The intellect is beset with numerous problems and shortcomings some of which have been historically noted by Plato, Bacon, Locke and others. A particularly challenging problem in reasoning, is the problem of (colored) ‘lenses’ whose source is culture, broadly construed. While the vital role of culture in reasoning may have been alluded to by philosophers, it has not been closely analyzed or theorized. Through two empirical case studies drawn from the field of educational anthropology, I demonstrate how cultural lenses block reasoning altogether or severely constrain it. This poses a particular challenge for the cultivation of the intellect in education—a goal universally advocated by historical and contemporary philosophers of education.
Current educational programs aiming towards the cultivation of the intellect, namely, through critical thinking and through an initiation into the disciplines, while they have their merits in helping students think more effectively, are insufficient in helping students to overcome the barrier of lenses (as theorized herein). And they fail because current educational programs focus on argument identification and evaluation. But problems of reason are not limited to problems of argument and reason is not limited to argument evaluation. Hence, what is required is a philosophy of education for the full cultivation of the intellect based on a broader conception of reason; a conception of reason which I demonstrate through empirical case studies.
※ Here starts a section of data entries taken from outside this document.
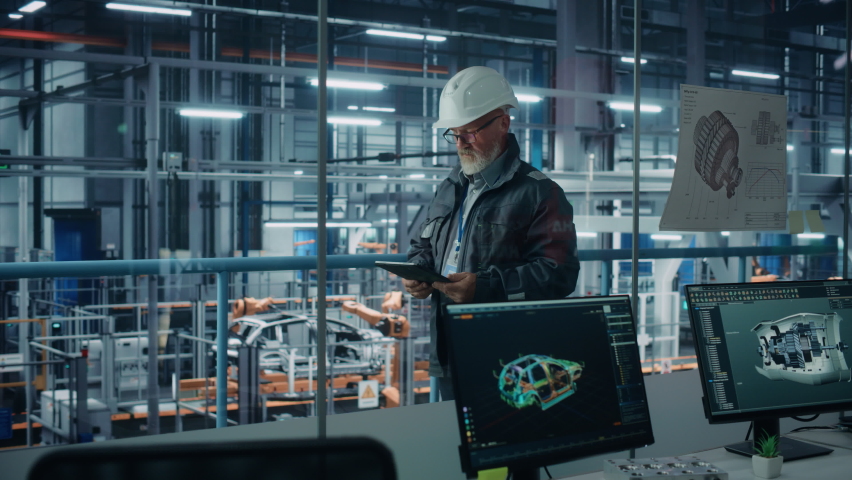 Car Factory Office: Portrait of Male Engineer Wearing Hard Hat Walking, Monitoring Production Conveyor with Tablet Computer. Automated Robot Arm Assembly Line Manufacturing High-Tech Electric Vehicles | Shutterstock HD Video #1078237964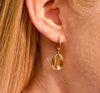 Right ear of a person wearing a small gold pierced hoop huggie earring with shell pendant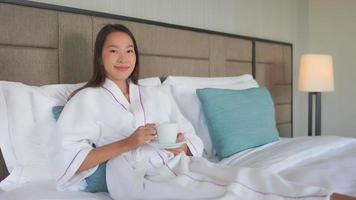 Woman holding mug smiling at camera video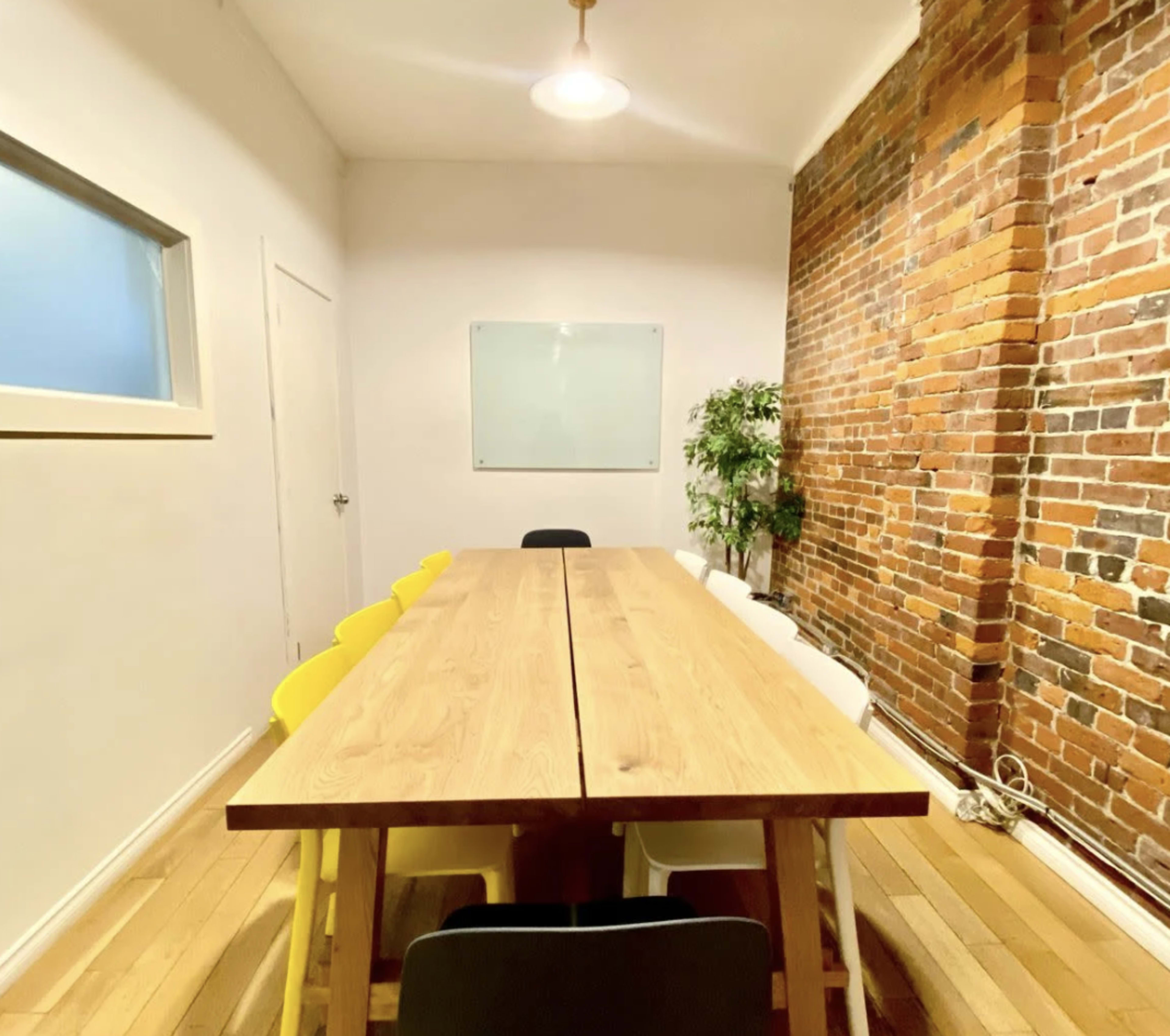 The image shows a conference room with a long wooden table surrounded by chairs of various colors, a brick wall on one side, and a whiteboard mounted on the wall.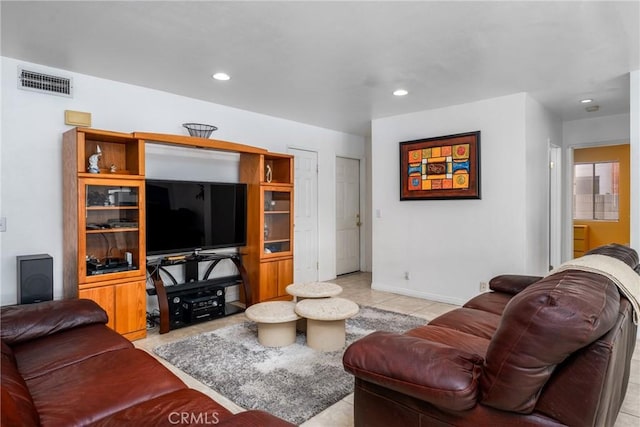 living area with baseboards, light tile patterned floors, visible vents, and recessed lighting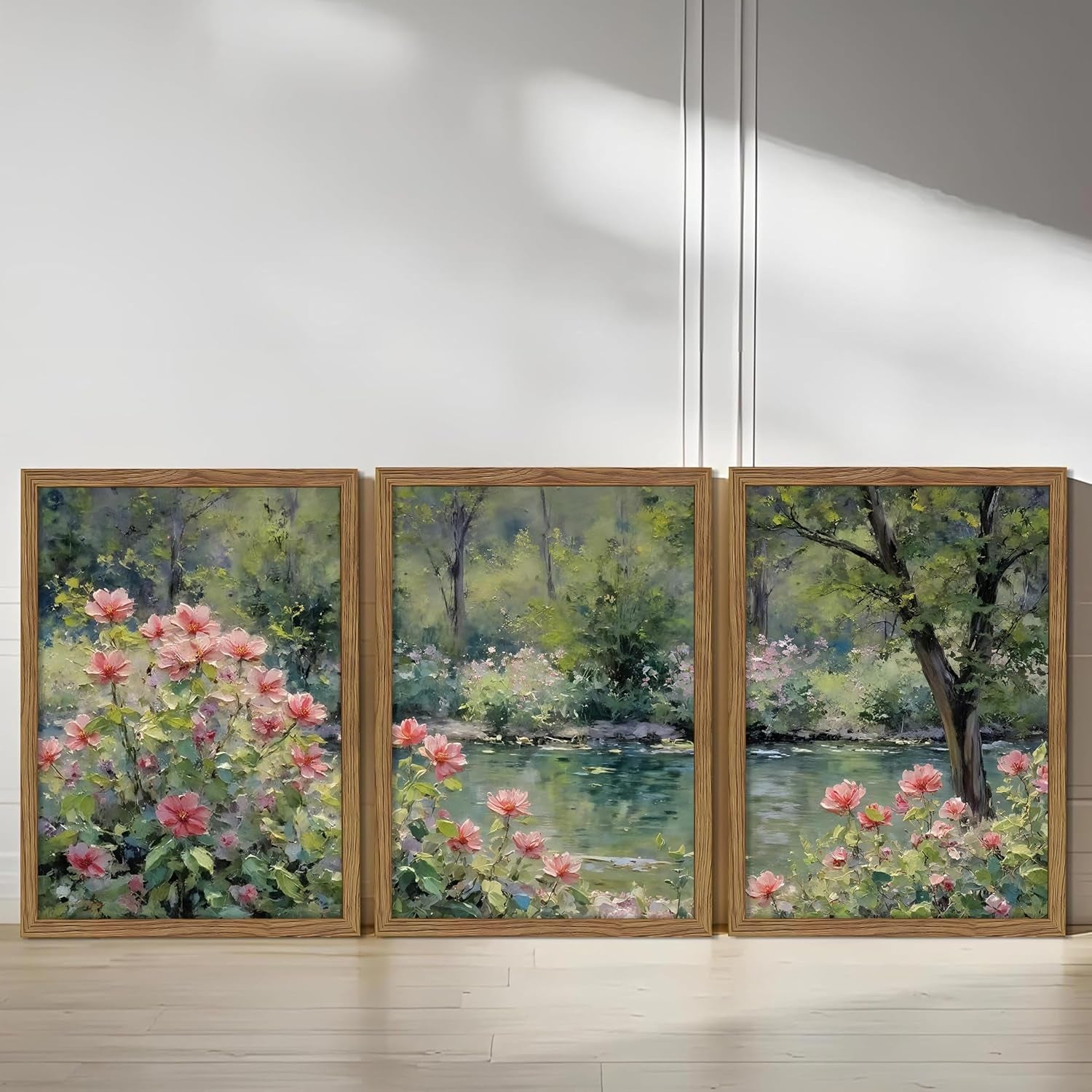 Three framed canvas panels leaning upright against a white wall on a light wood floor, front-facing view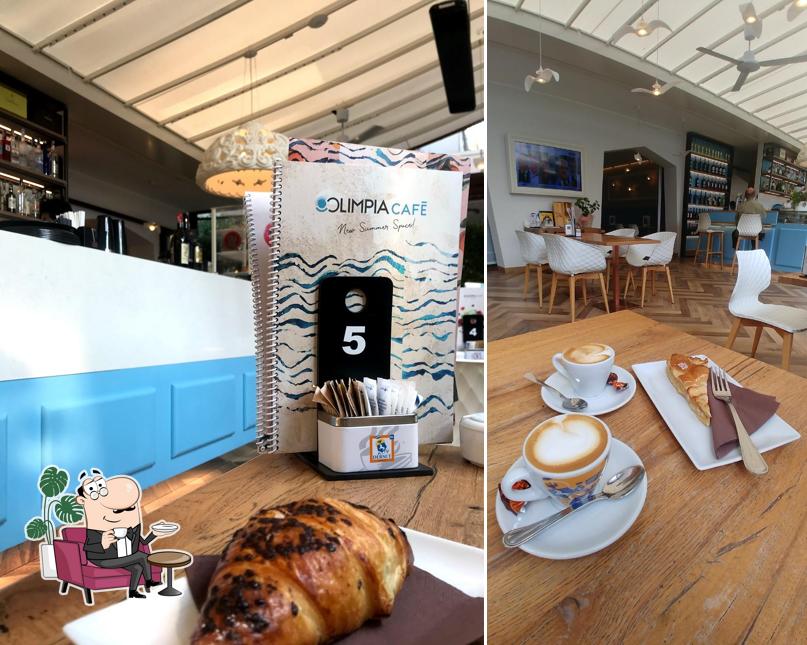 Dai un'occhiata agli interni di Olimpia Cafè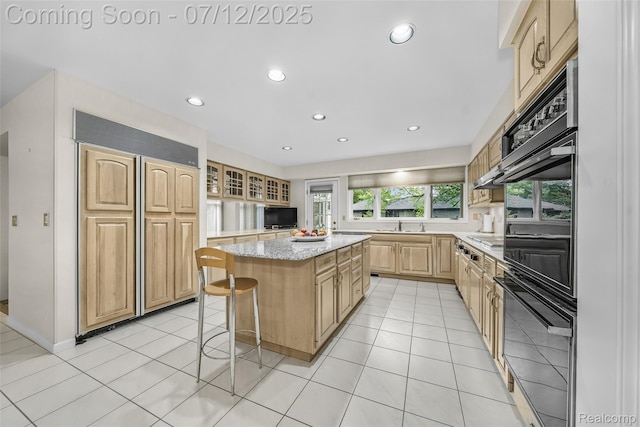 4532 Franklin Mill Rd, Southfield, MI 48301 - kitchen with paneled built in refrigerator, a kitchen island, a breakfast bar, light brown cabinetry, and light stone countertops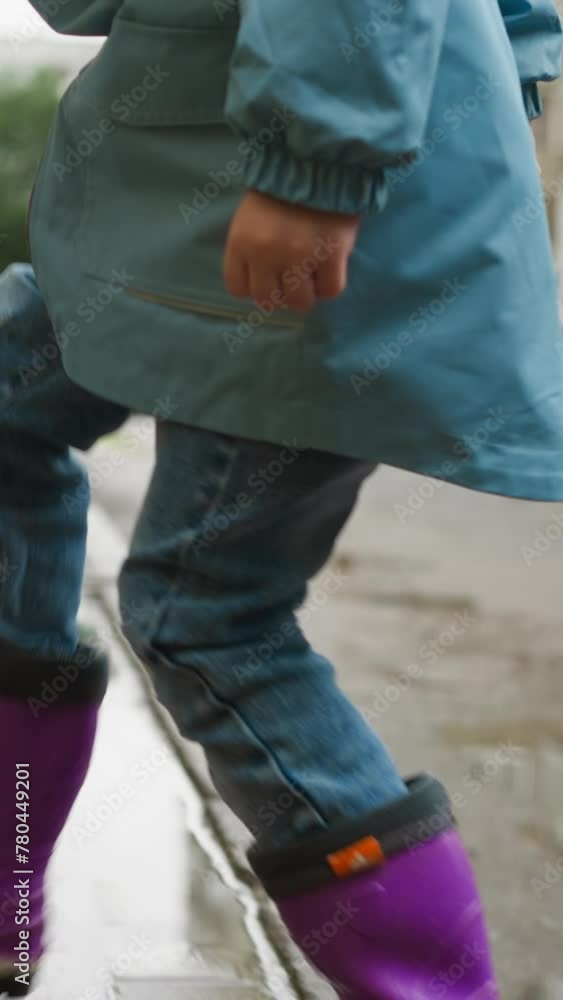 Child in rubber boots jumps on sidewalk. Kid playful spirit undampened by wet conditions near building. Simple pleasures of outdoor play after rain Child in rubber boots jumps on sidewalk. Kid playful spirit undampened by wet conditions near building. Simple pleasures of outdoor play after rain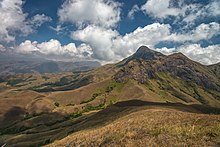 Anamudi, the highest peak in India outside the Himalayas, lies parallel to the Malabar Coast, in Western Ghats. AnaimudiPeak DSC 4834.jpg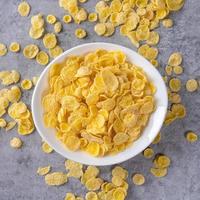 Corn flakes bowl sweets on gray cement background, top view flat lay layout design, fresh and healthy breakfast concept. photo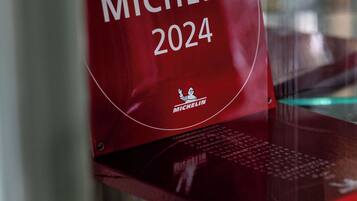 Ein rotes Schild mit dem Text "MICHELIN 2024" und einem Logo, platziert auf einem Regal mit verschiedenen Gegenständen.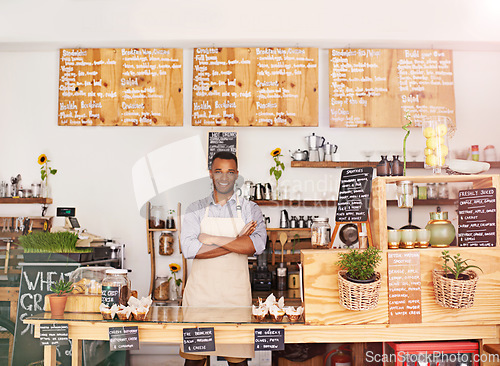 Image of Black man, portrait and owner with arms crossed in cafe with pride for career or job. Barista, smile and confidence of African person from Nigeria in restaurant, small business and coffee shop.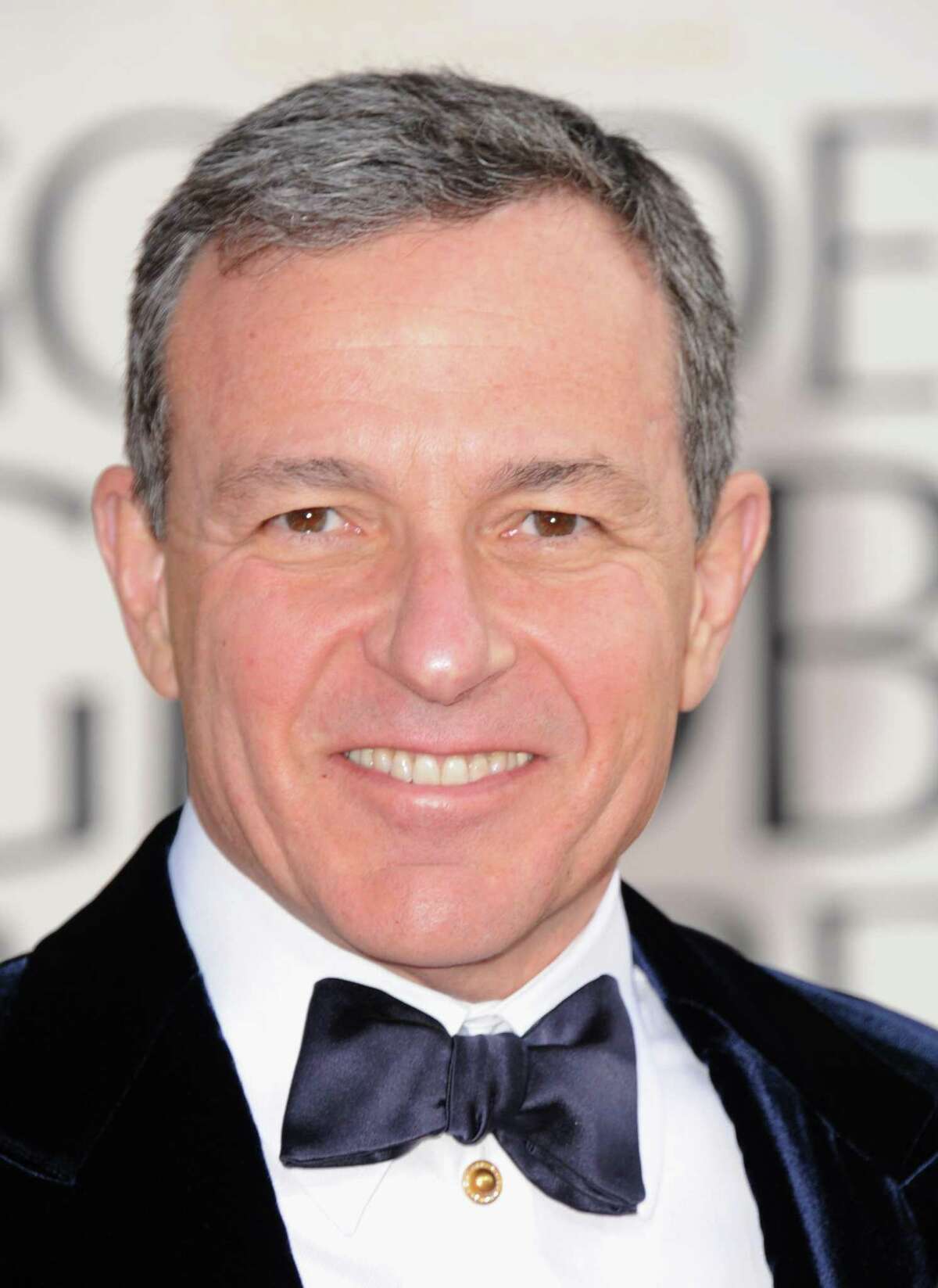 Walt Disney Co. CEO Robert Iger said he plans to stay on a presidential advisory panel after activists at the company’s annual shareholder meeting Wednesday asked him to step down from the position.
To achieve the goal of the fuller cultivation of the intellect in education, I indicate a pedagogical direction for a possible educational program. I also recommend a focused research program in (i) the philosophical study of reason in a broader sense than just evaluation of arguments, (ii) a multidisciplinary study of various problems facing reason and (iii) an empirical study of educational methods for overcoming problems of reason. The implications of the present work are not just limited to students’ reasonings but have relevance to teachers’ and policy makers’ reasonings and indeed to the reasonings of philosophers of education as well.